La Corte d’appello ha motivatamente preso posizione in ordine alle deduzioni difensive del ricorrente, che già costituivano oggetto dell’atto d’appello. Si tratta di valutazioni di merito, assistite da sufficiente e non contraddittoria motivazione, e come tali non suscettibili di riesame in sede di legittimità, esprimendo il ricorrente un mero dissenso valutativo in ordine all’apprezzamento delle risultanze processuali.

2. In particolare la Corte distrettuale ha sottolineato che le dichiarazioni, che vennero per la prima volta rilasciate dalla parte offesa alla allora fidanzata del fratello, e poi trasmesse alla madre della piccola, non erano sospettabili di essere sorte su suggerimento dei genitori della minore. La quale narrò gli episodi di violenza con chiarezza fin dal primo momento, descrivendoli compiutamente.

La Corte poi, nel richiamare la perizia sulla capacità a testimoniare svolta nel corso del giudizio di primo grado, ha anche sottolineato la costanza con la quale la piccola V. aveva riferito gli atti dei quali era stata vittima, la cui autenticità emergeva anche dell’estremo realismo con cui la piccola, nel corso dell’audizione videoregistrata prodotta in atti aveva mimato sia la condotta di manipolazione subita da C. nelle sue parti intime, che quella di masturbazione eseguita dallo stesso dinanzi a lei. Secondo la Corte distrettuale l’estrema fedeltà del narrato, come desumibile dai suoi gesti, e soprattutto, l’esecuzione della prima azione con l’utilizzazione di indice e medio, davano conto di un’azione realmente vissuta.

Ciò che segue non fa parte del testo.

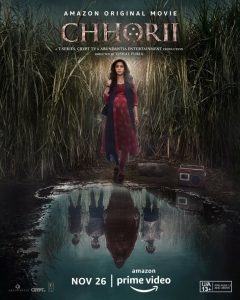 Chhorii (2021) Hindi Full Movie Download 480p 720p 1080p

La Corte d’appello poi si è fatta carico della circostanza che la piccola V. aveva parlato in un primo tempo di penetrazioni anali e tuttavia nell’esame anatomico svolto su tale parte del corpo presso il reparto antiviolenza della Clinica (OMISSIS) era stato rilevato solo un inspessimento delle pliche anali, valutato sintomo aspecifico, che in ogni caso permetteva di escludere l’esecuzione dell’azione nella sua completezza.

La Corte ha però osservato che tale elemento di fatto non appariva idoneo a smentire l’attendibilità del narrato ricordando che non di rado i minori abusati riferiscano di penetrazione anche quando tale attività non sia compiuta nella sua interezza, percependo essi le ripetute pressioni esterne come atto pienamente invasivo, anche sulla base di un difficile canone interpretativo, conseguente all’inesperienza, oltre che per la particolare dolenzia comunque esistente, in ragione delle diversità di rapporto tra gli organi in contatto. In proposito la Corte ha richiamato le dichiarazioni della dott.ssa R., che sentita in udienza, ha riferito che le digitazioni anali non lasciano traccia, e che i piccoli, per la loro inesperienza, parlano di penetrazione anche quando l’organo sessuale viene solamente appoggiato.

Per contro la Corte ha ritenuto che un riscontro di quanto riferito dalla minore era costituito dalla presenza di tracce ematiche nella sua biancheria, accertata dalla madre.

Quindi conclusivamente la Corte distrettuale, con una sentenza ampiamente ed accuratamente motivata, ha ritenuto pienamente credibile la narrazione dei fatti come esposti dalla parte offesa e degli abusi sessuali da essa subiti, così esprimendo un apprezzamento di merito ad essa devoluto, peraltro in totale sintonia con la valutazione, parimenti di merito, già operata dal primo giudice.

3. Pertanto il ricorso va rigettato con conseguente condanna del ricorrente al pagamento delle spese processuali.
P.Q.M.

La Corte rigetta il ricorso e condanna il ricorrente al pagamento delle spese processuali.

Testo non ufficiale. La sola stampa del bollettino ufficiale ha carattere legale.